Legacy civil rights leaders say they are not included in Biden transition

National Urban League's Marc Morial says they're 'asking for some kind of consultation,' not veto power.

Officials from major civil rights groups like the NAACP and National Urban League are saying they have been left out of conversations about cabinet picks for the administration of President-elect Joe Biden and Vice President-elect Kamala Harris.

“We aren’t asking for some kind of veto, we are asking for some kind of consultation,” Marc Morial, head of the National Urban League, told NBC News. “We are still in a wait-and-see mode, but we think that the civil rights community should be more closely engaged.”

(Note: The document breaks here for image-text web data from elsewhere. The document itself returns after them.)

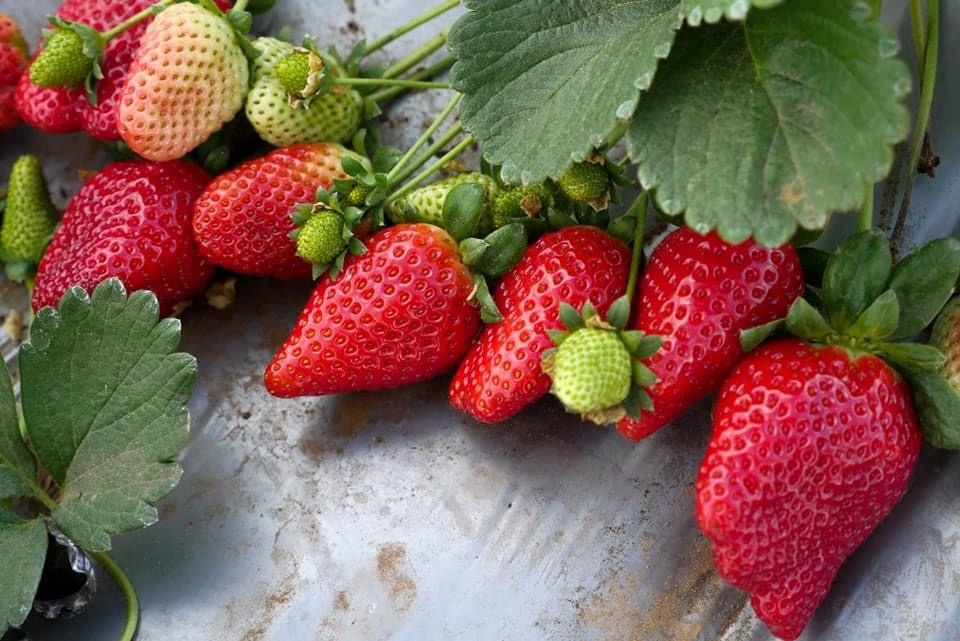 Тутланд – Клубничная ферма Таля, Ход ха-Шарон. 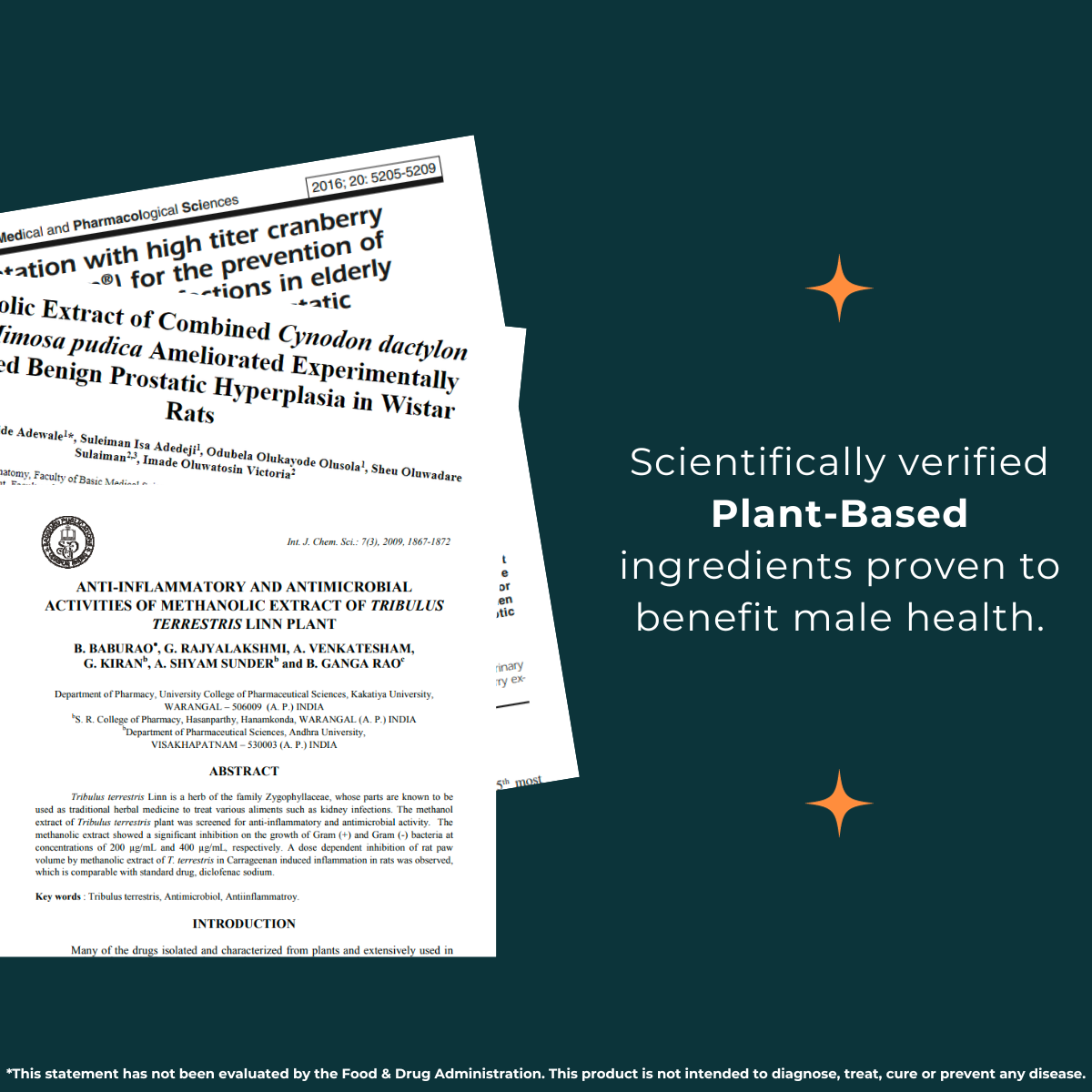 Uro Support: Advanced Support for Prostate Health and Urinary Wellness for Men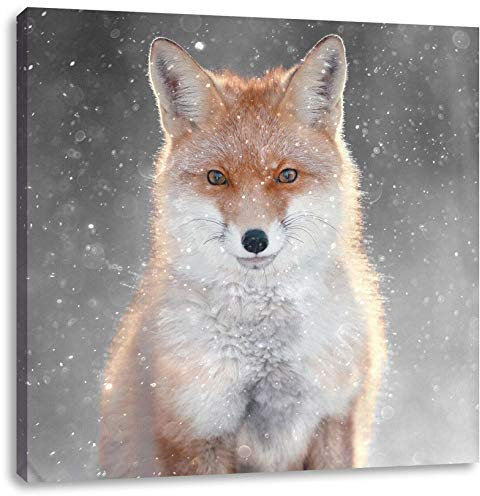 Pixxprint Roter Fuchs im Winter B&W Detail, Größe: 60x60 cm, Leinwandbild Quadratisch, Wandbild, Kunstdruck, fertig bespannt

In this 2009 photo, National Urban League President Marc H. Morial and Vice President Joe R. Biden are shown at the National Urban League Conference in Chicago. (Photo by Tasos Katopodis/Getty Images for National Urban League)

The incoming Biden-Harris administration has made several diverse picks, including an all-woman communications team boasting three Blacks: Karine Jean-Pierre, Ashley Etienne and Symone Sanders. Longtime diplomat Linda Thomas-Greenfield was chosen to be U.S. ambassador to the United Nations; acclaimed labor economist Cecilia Rouse was named the next head of the Council of Economic Advisers, and Adewale Adeyemo was selected deputy Treasury secretary. Louisiana Rep. Cedric Richmond, who co-chaired the Biden campaign, will be both a senior adviser to the new president and director of the White House Office of Public Engagement.

Still, Derrick Johnson, head of the NAACP, echoes Morial’s sentiments.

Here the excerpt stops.